<454>l'Angleterre sous le jeune roi Richard. Les mesures étaient parfaitement bien prises; Clisson, l'auteur et l'âme du dessein, se disposait à passer la mer à la tête d'une armée pour aller descendre en Angleterre. Tout était prêt pour l'embarquement, quand l'entreprise échoua par un trait de perfidie du duc de Bretagne.

Ce duc haïssait Clisson par deux raisons. Il le soupçonnait de viser à le chasser du duché de Bretagne, et d'être aimé de la Duchesse sa femme, motifs également puissants pour inspirer de la haine contre un rival.

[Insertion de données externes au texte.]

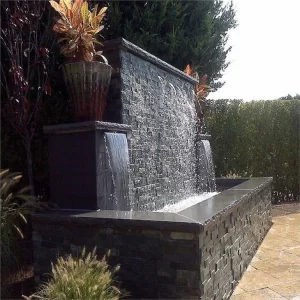 Black Stone Waterfall Wall Panels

Informés de ces dispositions et du dessein, quoique fort secrètement ménagé, de la cour de France, les Anglais s'adressèrent au Duc pour le faire manquer. Ils lui insinuèrent qu'il ne pourrait se venger plus sensiblement du connétable, ni obliger plus essentiellement la couronne d'Angleterre, qu'en rompant un projet dont son ennemi avait lui seul le secret et la direction. Le Duc, naturellement chaud et inconsidéré, n'y manqua pas, et voici comment il s'y prit.

Il convoqua à Vannes une assemblée des seigneurs du pays. Il y invita surtout le connétable, qui, étant né vassal du Duc, ne voulut pas s'excuser de s'y trouver. Après l'assemblée finie, le Duc donna un grand repas aux seigneurs, et le lendemain Clisson se hâta de leur en donner un autre, résolu de partir bientôt après pour aller s'embarquer. Le Duc, sans y avoir été invité, y vint familièrement à la fin du dîner, se mit à table avec eux, et les charma tous par ses manières polies et cordiales. La table étant levée, il invita le connétable et quelques autres seigneurs à venir voir le château de l'Hermine, qu'il avait fait bâtir à Vannes. Ils y allèrent. Il leur en montra tous les appartements, et ils arrivèrent enfin à la grosse tour, lui, le connétable, et un nommé Laval. Etant à la porte d'une des plus hautes chambres, il s'arrêta sous quelque prétexte sur l'escalier avec Laval, et dit au connétable qu'il entrât toujours, et qu'ils l'allaient joindre dans un moment. Clisson ne fut pas plus tôt entré, que des gens qui l'attendaient fermèrent la porte, se saisirent de lui, et lui mirent des fers aux pieds et aux mains.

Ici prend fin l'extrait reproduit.